# 30 Gallon leaker



## GNOME (Nov 16, 2006)

I just aquired a 30 gallon tank from a friend in Virginia. I put the tank in my garage and filled it. There is a leak on the bottom about 6 inches long at the joint. Should I remove all the silicone from the bottom of the tank and re-seal the whole thing or just do where the leak (seeping) is.


----------



## fish_4_all (Nov 13, 2006)

Well you need to find out exactly where the leak is coming from if you can. If the leak is a seap from a single spot and it is not more than 1/2 inch long I would reseal where the hole is. If there is truely a seam split occuring then I hate to say it but I would reseal the entire pain from top to bottom which means removing the pane of glass itself to do it. 

The best way I know to check exactly where it is coming from is to take a piece of construction paper, dry the seam completely dry and place the construction paper over the seam, waht closely to see if the leak starts in a single spot or if it appears at the same time along the seam. 

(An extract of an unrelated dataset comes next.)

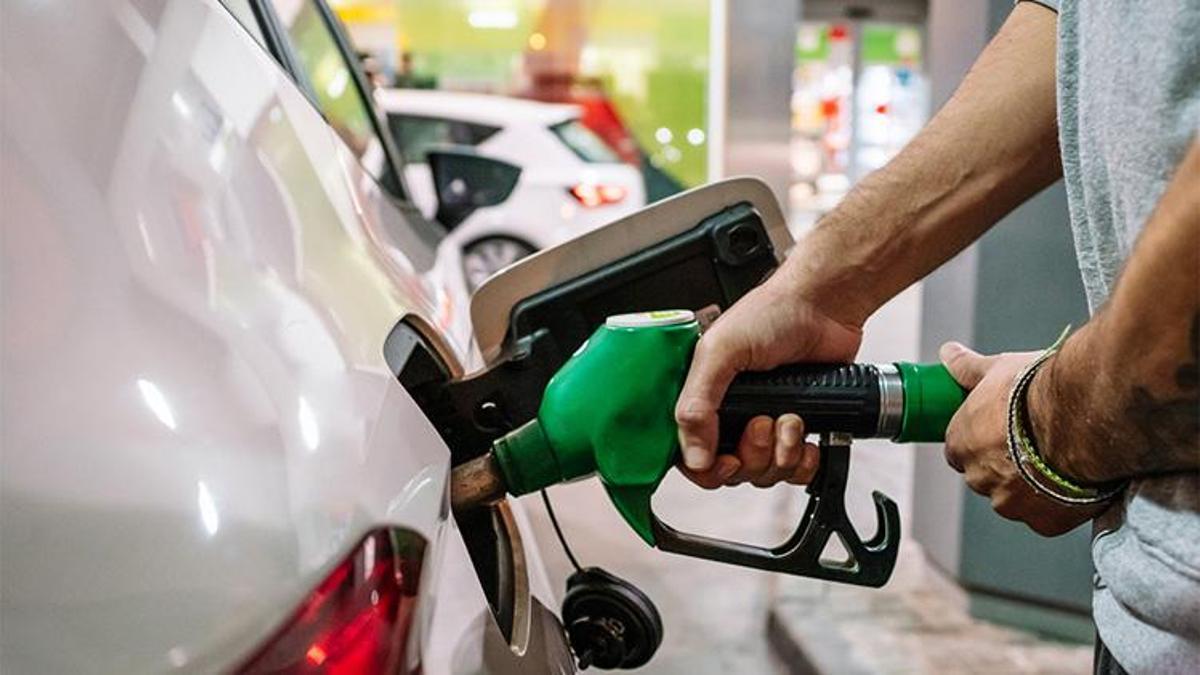 Motorine (mazota) yeni zam ! Motorin 100 TL'yi aştı mı? 17 Eylül 2026 akaryakıt zammı ile LPG, benzin ve motorin fiyatları ne kadar, kaç TL oldu?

Make sure to remove as much silicone as possible with a razor blade and wash the glass with alcohol to make sure the new silicone will get a solid hold on it and form a tight seal. Make sure to press hard enough that the silocone squeezes into the seam if you accidentally remove any from between the panes of glass.


----------



## Zapher (Jul 30, 2007)

The thing with silicone is that it doesnt cure to itself. So regardless of how big the hole is i would remove all the silicone from the bottom and the sides. Do not remove the glass from the frame.


----------



## fish_4_all (Nov 13, 2006)

True and not, but better safe than sorry. New silicone will not adhere to old silicone if it has any kind of film on it. The tanks I have resealed the new silicone would adhere to the silicne between the glass but not the top of any of the old silcone but only to the section I cut into and were completely clean and new looking. 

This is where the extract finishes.